EXERCISE DESCRIPTION: Return every line of the data below exactly, but do not include the images.

DATASET EXTRACT:
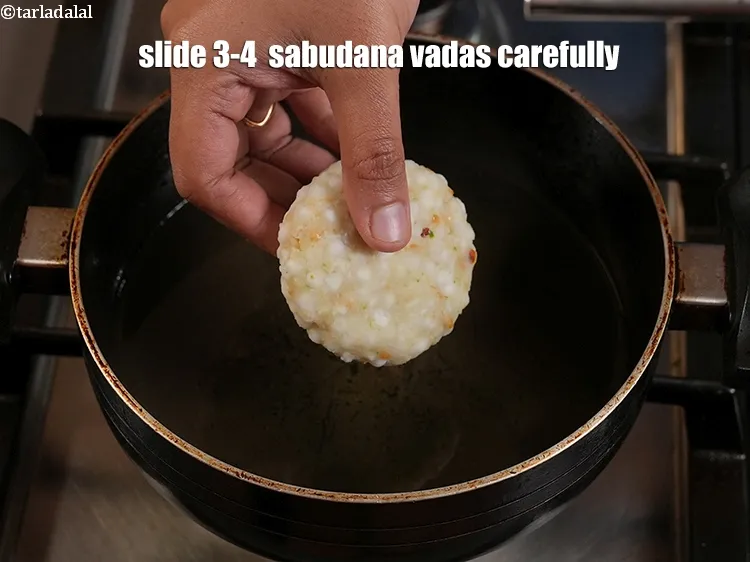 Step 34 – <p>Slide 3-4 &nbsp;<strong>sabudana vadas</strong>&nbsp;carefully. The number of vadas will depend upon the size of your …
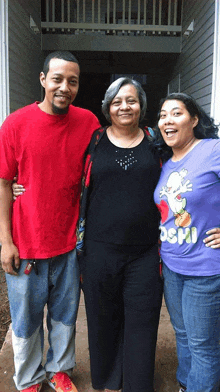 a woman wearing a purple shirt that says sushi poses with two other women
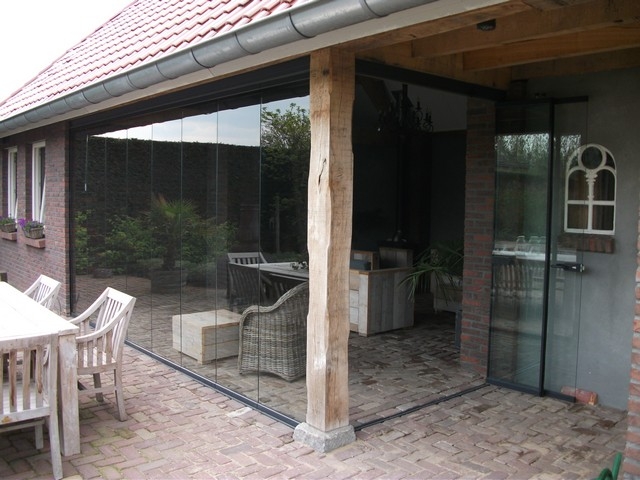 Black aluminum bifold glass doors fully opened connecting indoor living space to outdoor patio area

ANSWER AREA:
 Step 34 – <p>Slide 3-4 &nbsp;<strong>sabudana vadas</strong>&nbsp;carefully. The number of vadas will depend upon the size of your …
 a woman wearing a purple shirt that says sushi poses with two other women
 Black aluminum bifold glass doors fully opened connecting indoor living space to outdoor patio area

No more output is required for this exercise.